DATA:

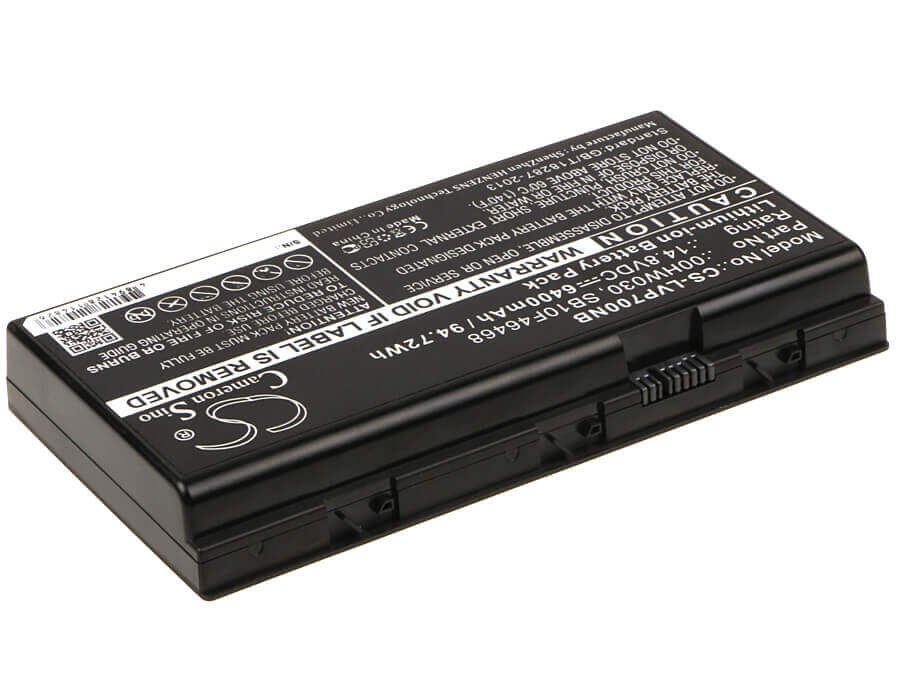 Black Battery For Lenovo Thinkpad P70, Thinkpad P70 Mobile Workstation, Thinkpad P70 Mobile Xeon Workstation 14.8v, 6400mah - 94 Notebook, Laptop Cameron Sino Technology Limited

...

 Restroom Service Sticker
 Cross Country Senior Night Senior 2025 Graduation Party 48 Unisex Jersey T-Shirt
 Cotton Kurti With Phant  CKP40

ACTION ITEM:
Out of the listing above, reproduce exactly the lines from the one with "Restroom Service Sticker" up to and including the one with "Cotton Kurti With".

REPLY TO THE EXERCISE:
 Restroom Service Sticker
 Cross Country Senior Night Senior 2025 Graduation Party 48 Unisex Jersey T-Shirt
 Cotton Kurti With Phant  CKP40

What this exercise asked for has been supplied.